Angela lui avait dit d'attendre que Jane digère, qu'elle avait un choix à faire et qu'elle ferait le bon sans aucun doute. Kate avait dit la même chose. Les deux femmes avaient assuré Maura de leur entier soutien. Elles seraient là quoi qu'il arrive.
Tout le travail que Maura avait fait sur elle et son addiction au téléphone avait volé en éclats. Le maudit engin ne la quitta pas et l'attente qu'elle avait nourrie à son égard n'avait fait que grandir. Elle passa la nuit éveillée, à repasser chaque détail de leur conversation, analyser la façon dont Jane était partie, à attendre quelque chose, le moindre mot. En vain. Un tel comportement était irrationnel. Elle le savait. Jane avait dû rentrer chez elle et retrouver le Casey en question. Elle allait partager son lit et sa chaleur. Il allait la toucher. Il pouvait la toucher quand il voulait, et elle le laisserait faire… Cette idée la rendait dingue.
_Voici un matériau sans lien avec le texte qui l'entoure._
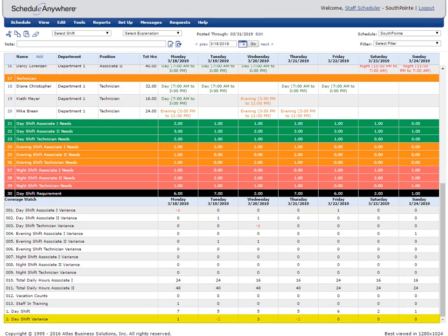In this example, negative values indicate a staff shortage and positive numbers indicate too many people are scheduled. A value of zero means your requirement is met. By looking at the day shift variance coverage watch, you can see there are not enough people scheduled for the day shift on Tuesday and Thursday.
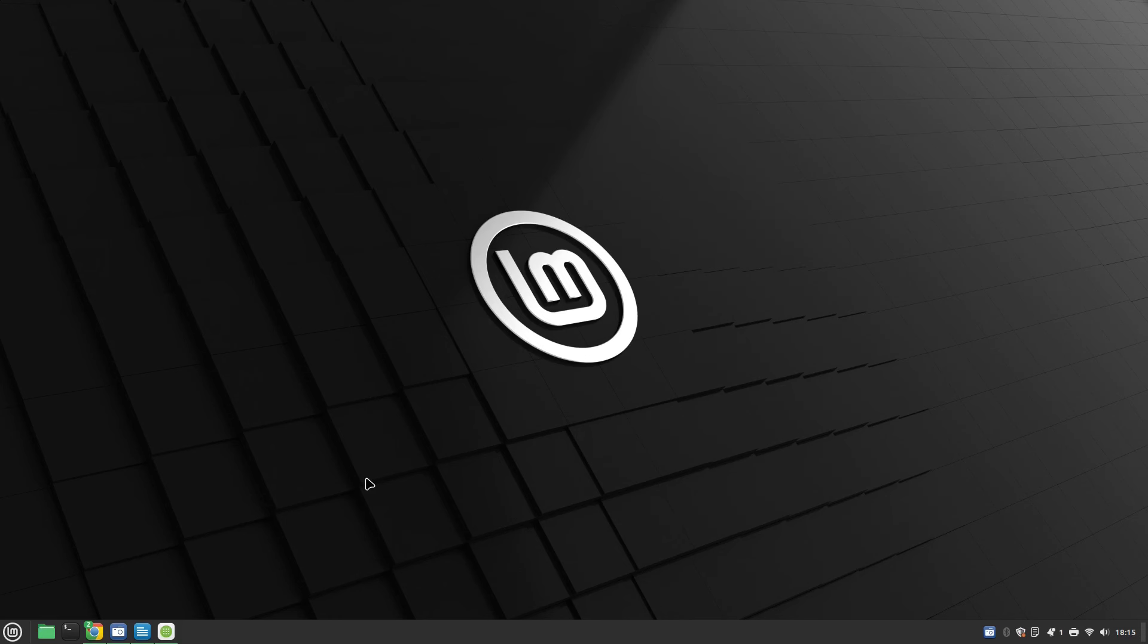If you found it useful give a thumbs up, hit the subscribe button and I'll see you next time on Everyday Linux User.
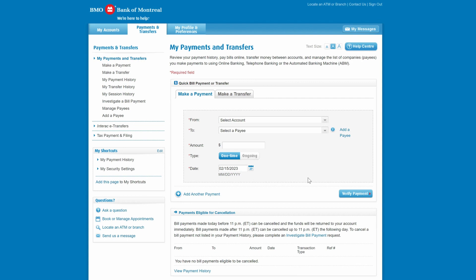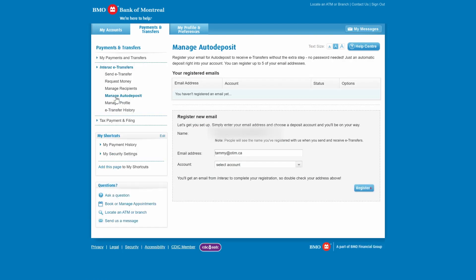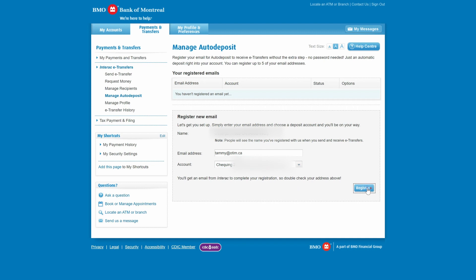So if you want to set up Auto Deposit with the BMO account, make sure you're on the Payments and Transfers tab, then go ahead and select Interac e-transfers. From here we're going to click on Manage Auto Deposit. I've got my email address here — you may need to type it in — and then you just choose the account where you want your deposits to go, and click on Register.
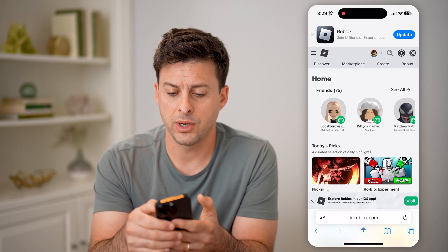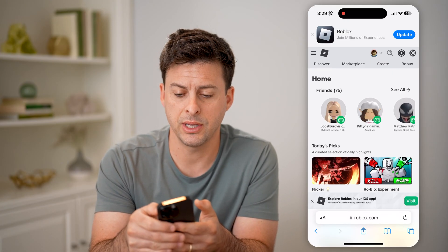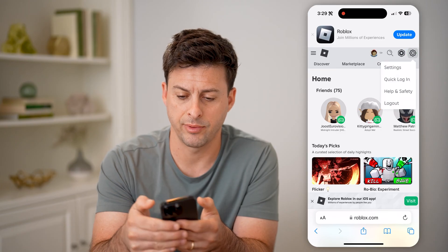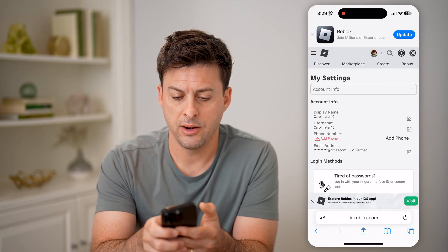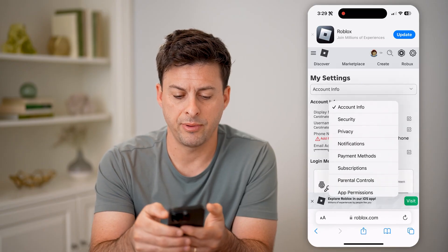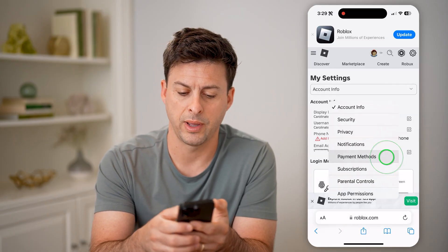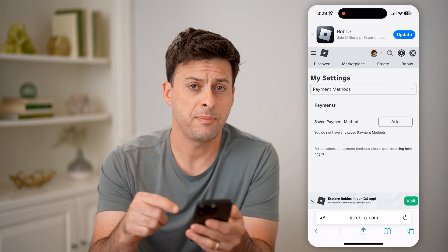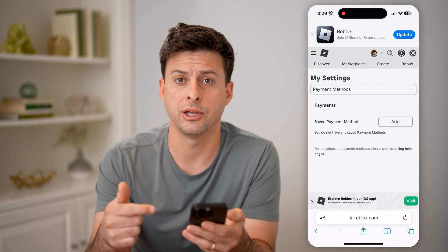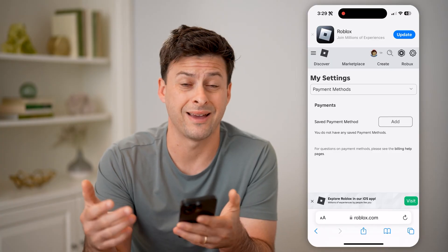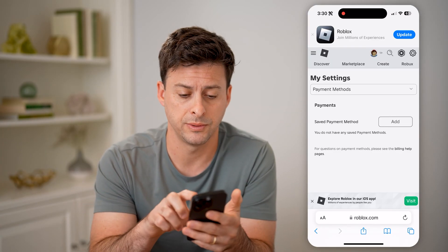There are a couple of different places we're going to check. Tap on the gear icon at the top right, then tap on Settings. Where it says Account Info, tap on that and go over to Payment Methods. If you have a payment method added, it will show you that you have credit that you can convert over to Robux.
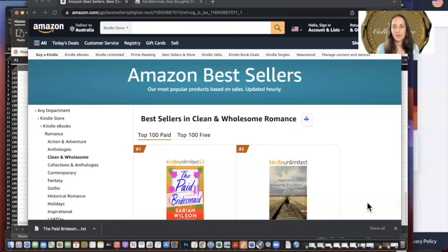Hi there. My name is Lisa Renee from The Collaborative Press. I'm just going to do a quick video on Kindle Trend Scraper to help you with your Amazon ads. It's a free extension on Chrome.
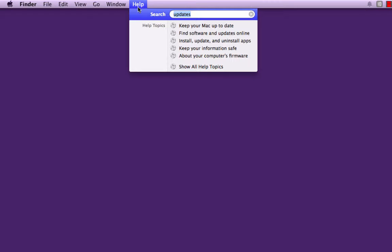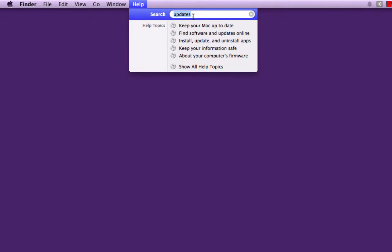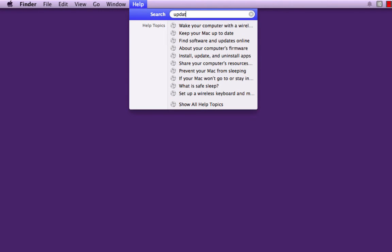One of the things I'm going to show you how to find in Help is how to keep your Mac up to date. So if you're looking for Updates, and you type that in,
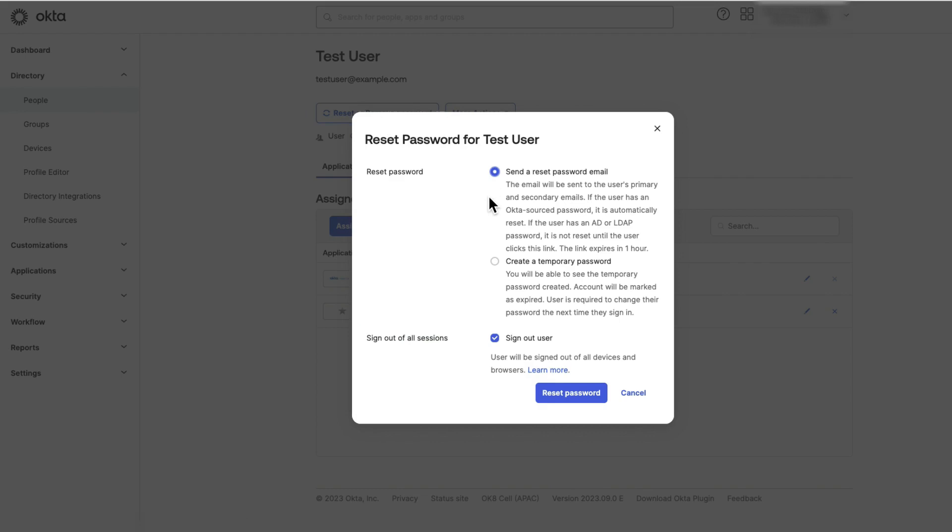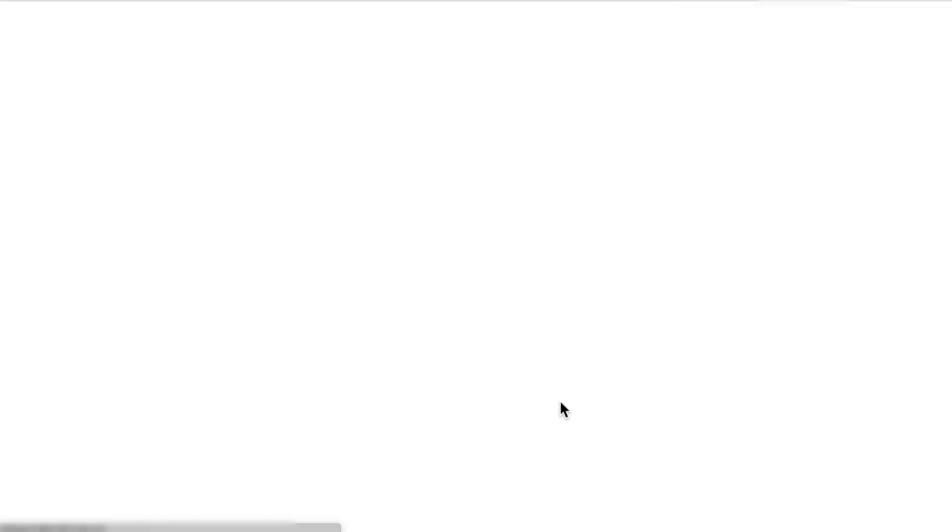In the reset password window, select the option for send a reset password email and click on the reset password button. The end user will receive the password reset email.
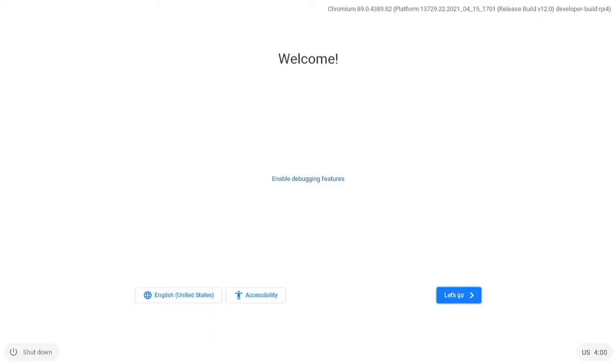Okay so now we are to the screen. It's similar to the screen you'd get the first time you turn on a Chromebook. So let's click let's go.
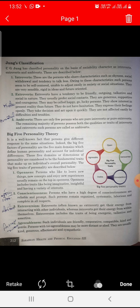Next, Big Five Theory of Personality. It is a well-known fact that persons give different responses to the same situation. The Big Five factors of personality are five main domains which define human personality and account for individual differences. These five dimensions are considered the fundamental traits that make up an individual's overall personality.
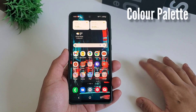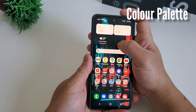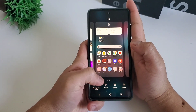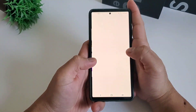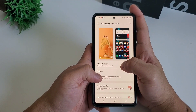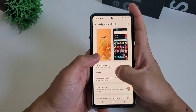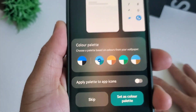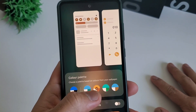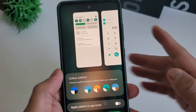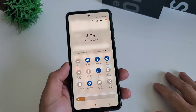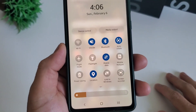The most notable change to One UI 4 is the new color theme options. This feature is enabled by long pressing on the home screen and navigating to the wallpaper menu. Enabling this feature provides you with different color schemes to choose from, and each of these palettes is drawn from your current wallpaper.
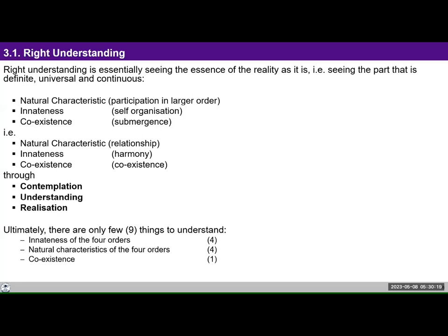We are doing UHV 3, and we are on the second module, we were on Lecture 7, and talking about right understanding. So when we say right understanding, we have been using that term for a long time. What exactly does it mean?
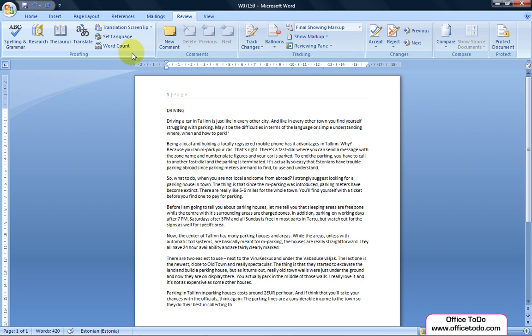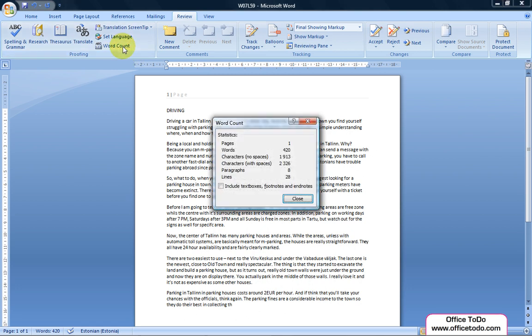Click on Word Count to get the summary of letters, words, pages, and more in your document. Make a tick if you wish footnotes as well as text boxes to be included in the summary as well.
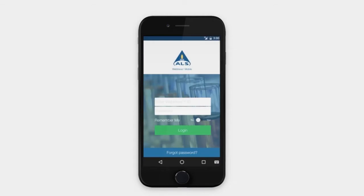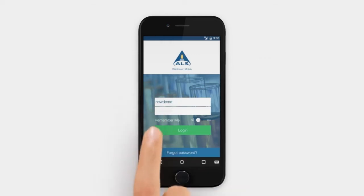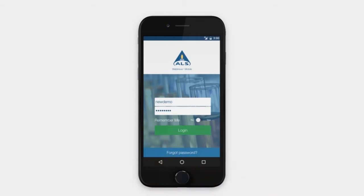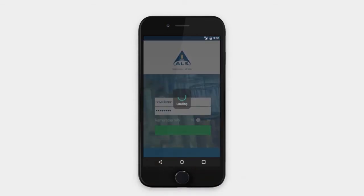Log into the app using the same username and password from the desktop version of WebTreeve. If you do not have a username and password, you can contact your local laboratory or go to the WebTreeve site to request one.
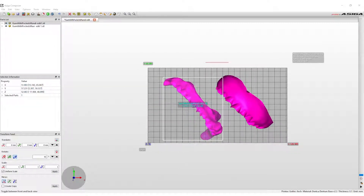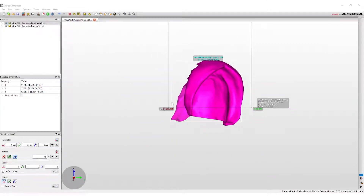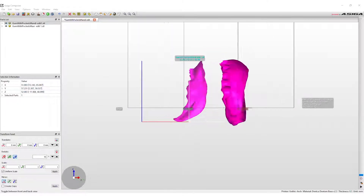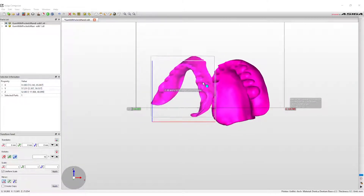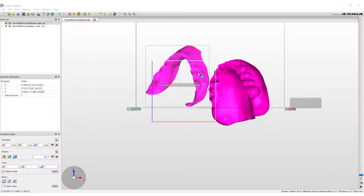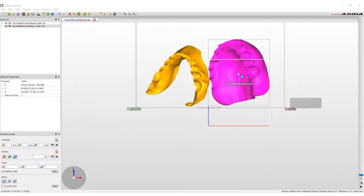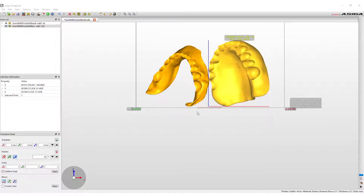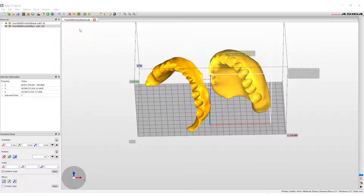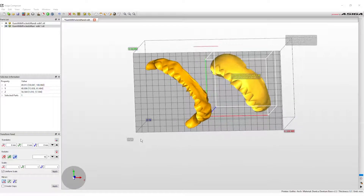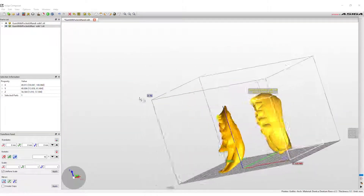View the print envelope from the top point of view to nest the designs within the horizontal space of the build envelope. Both denture designs may still appear purple, so use the different views to discover which part of the design is outside of the build envelope. Left-click and hold on the design and place it within the boundaries of the build envelope. When the design is within the limits, it will turn gold. Inspect from all sides to ensure proper placement of the denture base design.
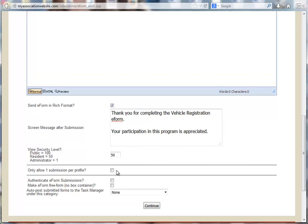Allow only one submission per profile is useful if this e-form were being used to allow voting. It means each profile in the address book can submit this e-form a single time.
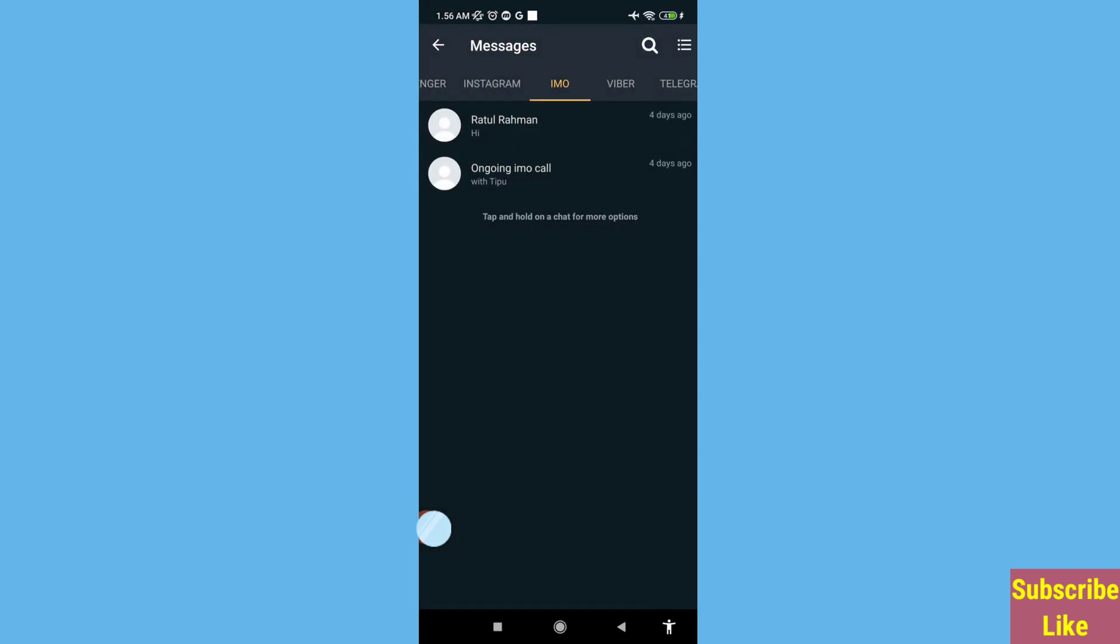And in this way, you can easily recover or restore all your deleted eMU messages or chat history. Thank you very much, and please subscribe to this channel.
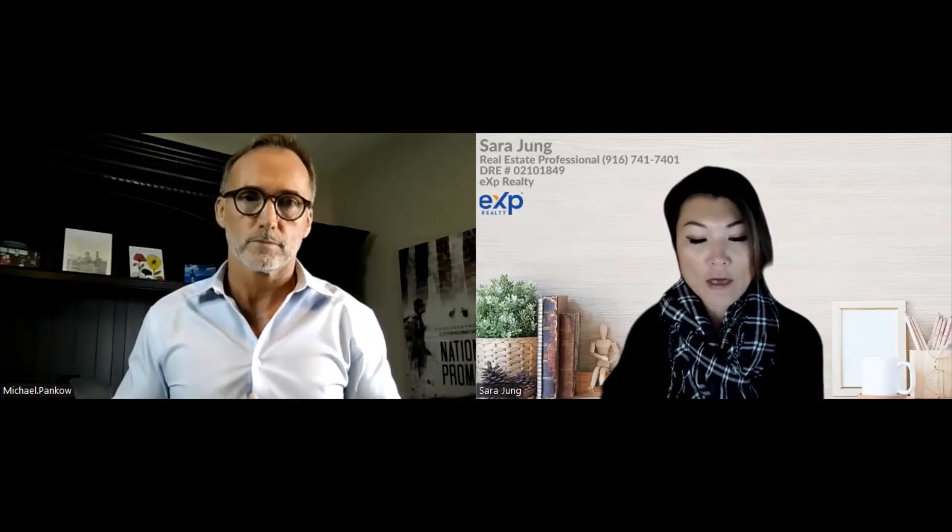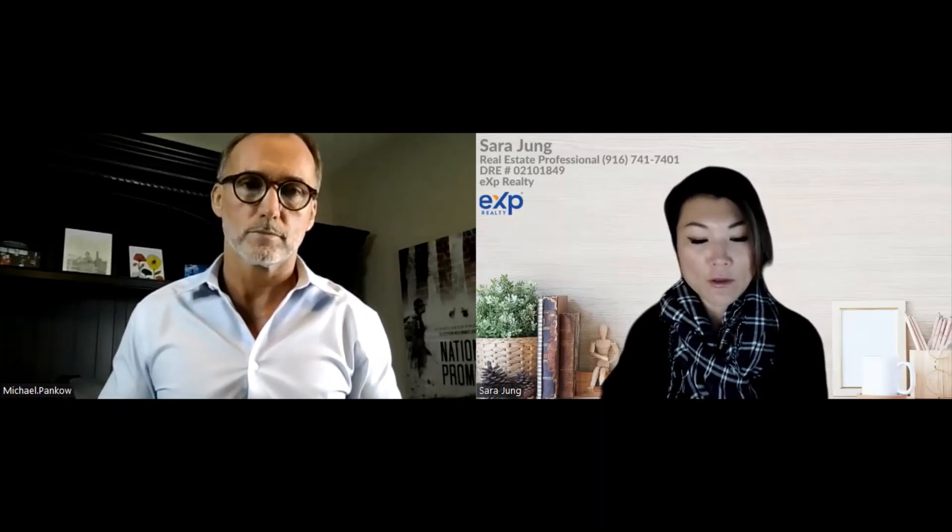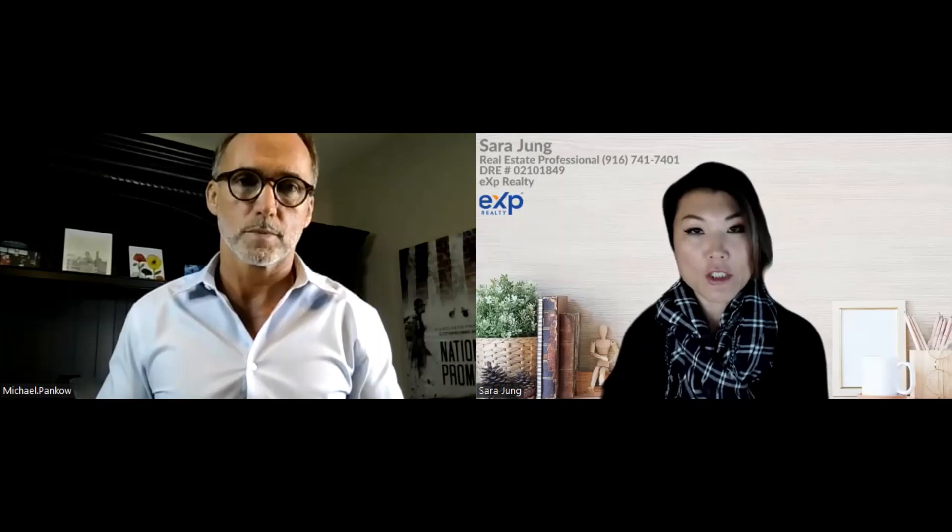What are the requirements to be eligible for a reverse mortgage as far as age? In a traditional lending sense, we're qualifying based on income, assets, debt ratios, and all of that. So how do you qualify somebody for a reverse mortgage?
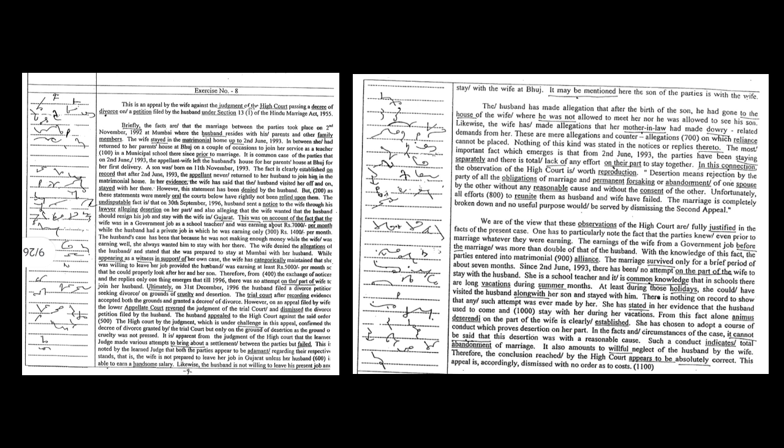The most important fact which emerged is that from 2nd June 1993, the parties have been staying separately and there is total lack of any effort on their part to stay together. In this connection, the observation of the high court is worth reproduction: Desertion means rejection by the party of all the obligations of marriage and permanent forsaking or abandonment of one spouse by the other without any reasonable cause and without the consent of the other. Unfortunately, all efforts to reunite them as husband and wife have failed. The marriage is completely broken down and no useful purpose would be served by dismissing the appeal.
Le lendemain matin, en plein milieu d'une pesée d'organes, Jane lui avait envoyé un texto : « Mais Maura, t'aimes les hommes quand même ? ».
Maura l'avait cherchée toute la journée pour lui répondre. Sans succès. Alors elle lui répondit par le même moyen : « Ce n'est pas une question de sexe. Je te parle d'amour. Tu me fuis ? » Maura ne fuyait jamais devant une conversation.
Jane ne répondit pas. Elle vint trouver Maura dans son bureau le soir même.
_ Jane ? Je t'ai cherché toute la journée.
_ Je sais. Je…
_ Tu m'as évitée Jane.
_ Non ! J'ai besoin de temps pour tout réaliser. Je comprends pas Maura. Jamais tu m'en as parlé. T'es ma meilleure amie. Pourquoi ? Pourquoi ?
_ Parce que tu as toujours évité le sujet. Parce que j'avais peur que tu me mettes de côté. Parce qu'il y avait toujours une petite remarque négative quand on jouait à notre petit jeu devant Giovani, Comme si la « gay attitude » était sympathique quand elle concernait les autres. Parce que je ne voulais pas que mon amour nous sépare. Mais aujourd'hui, je ne peux plus taire cet amour… parce que… parce que je n'avance pas dans ma vie.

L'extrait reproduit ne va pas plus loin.